Resource allocation is generally an efficient way to handle cross-interference, which has already been considered for full-duplex communication networks [14]. In FD-ISAC, resource allocation in terms of time, frequency, spatial, and power resource can be jointly optimized to suppress the cross-interference for both communications and sensing, given the requirements of communications and sensing.

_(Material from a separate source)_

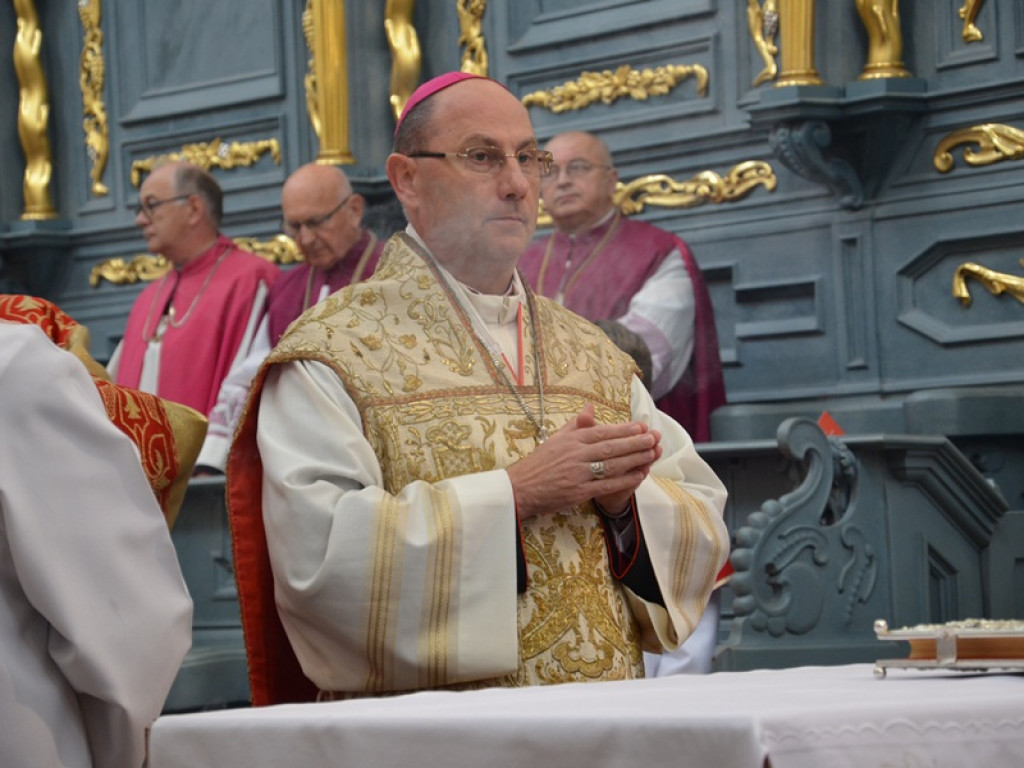 Prymas Polski celebrował 350. rocznicę konsekracji katedry w Łowiczu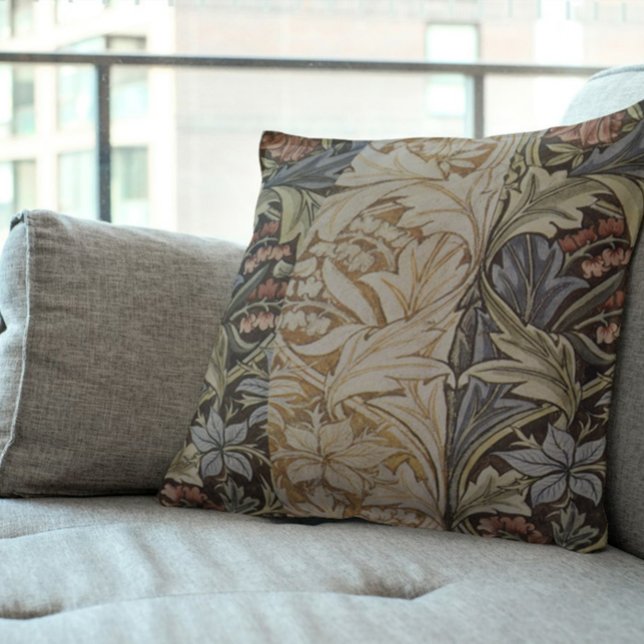 Cojín Decorativo Diseño de tapices para William Morris Bluebell (Example of William Morris Bluebell pillow in a room)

However, if only pilot/reference signal (P/RS) is utilized for sensing, resource allocation for P/RS can adopt some simple but effective strategies for managing cross-interference. First, the P/RS resources for different BSs can be designed with the same resource block, i.e., the sensing resource block is not overlapped with data resource block for different nodes. Second, since P/RS only occupies a small amount of resources, the P/RS can be allocated via orthogonal time/frequency or code to avoid or suppress the cross-interference. The P/RS density and power between P/RS and data can be further optimized by considering communication and sensing constraints [15]. An example showing the effect of resource allocation for P/RS is illustrated in Fig. 6, where a full-duplex BS is to sense a target, and there exists cross-interference from neighboring BSs. We assume that the cross-interference from all neighboring BSs is the same, with a signal strength characterized by SNR of $\gamma=0$ dB. We simulate $N_{\text{c}}=1$ and $N_{\text{c}}=3$ neighboring BSs. The setup of system parameters follows 5G standard at 28 GHz with 100 MHz bandwidth. The constant false-alarm detector for radar sensing is used with false alarm rate set to $10^{-5}$. The sensing detection probability with respect to target signal SNR is shown in Fig. 6. The orthogonal time/frequency P/RS design can avoid the cross-interference, and the orthogonal code design can achieve almost the same performance as orthogonal time/frequency. The performance gain of both designs over non-orthogonal P/RS resource allocation where the P/RS block for the sensing BS is allocated to be overlapped with the data block of the other BSs increases as the number of neighboring BSs increases, i.e., cross-interference increases.

Since resource allocation for FD-ISAC is coupled with many constraints such as beamforming and mode selection, different deployments of FD-ISAC require specific optimizations, tailored to the deployments.